<<<<

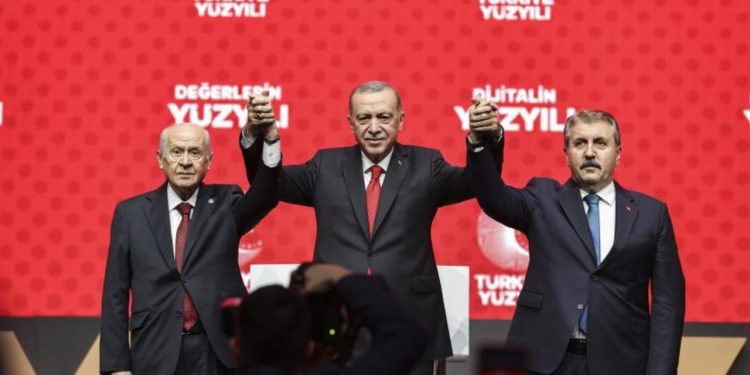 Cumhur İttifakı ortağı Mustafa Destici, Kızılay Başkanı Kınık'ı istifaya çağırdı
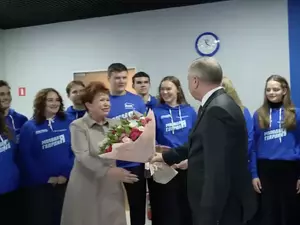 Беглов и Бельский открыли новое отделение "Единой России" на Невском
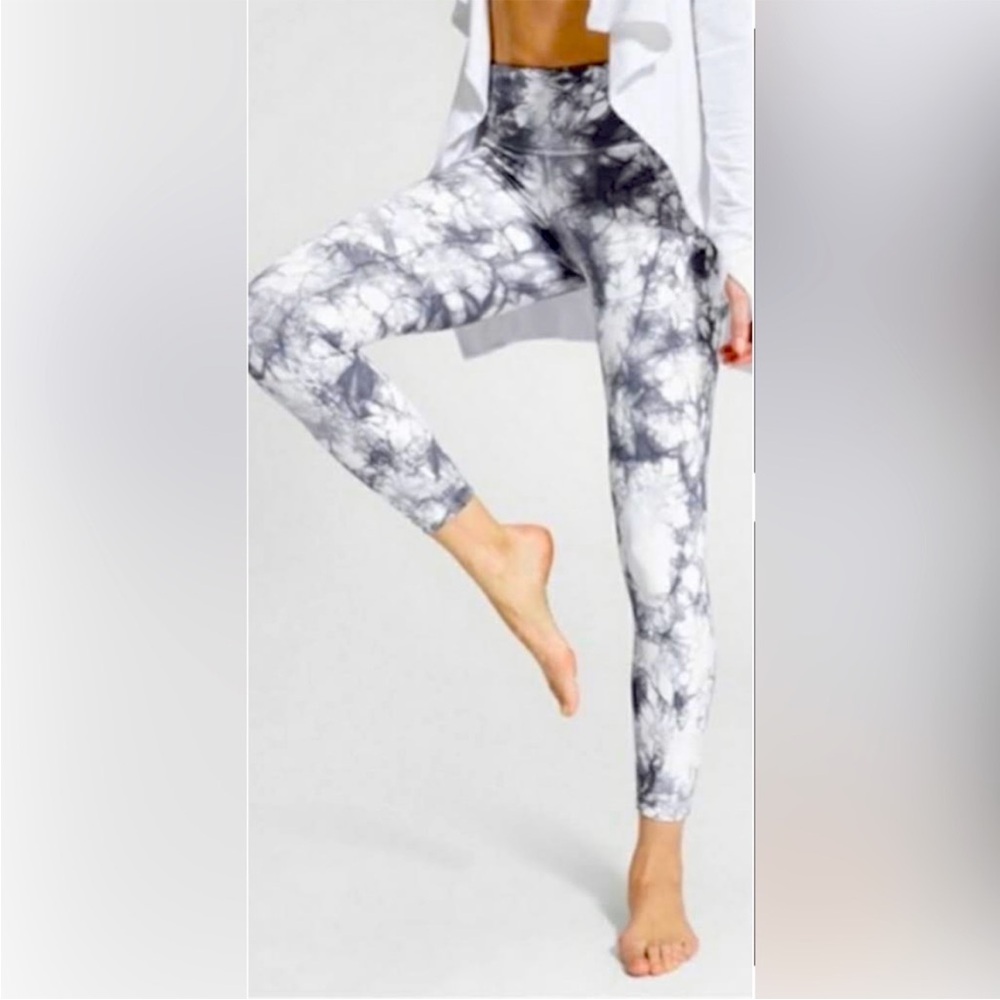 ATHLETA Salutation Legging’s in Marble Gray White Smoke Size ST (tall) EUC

>>>>

▶ _What you are asked to do_
Leave every image out, and retype the material exactly.

▶ _Task answer_
 Cumhur İttifakı ortağı Mustafa Destici, Kızılay Başkanı Kınık'ı istifaya çağırdı
 Беглов и Бельский открыли новое отделение "Единой России" на Невском
 ATHLETA Salutation Legging’s in Marble Gray White Smoke Size ST (tall) EUC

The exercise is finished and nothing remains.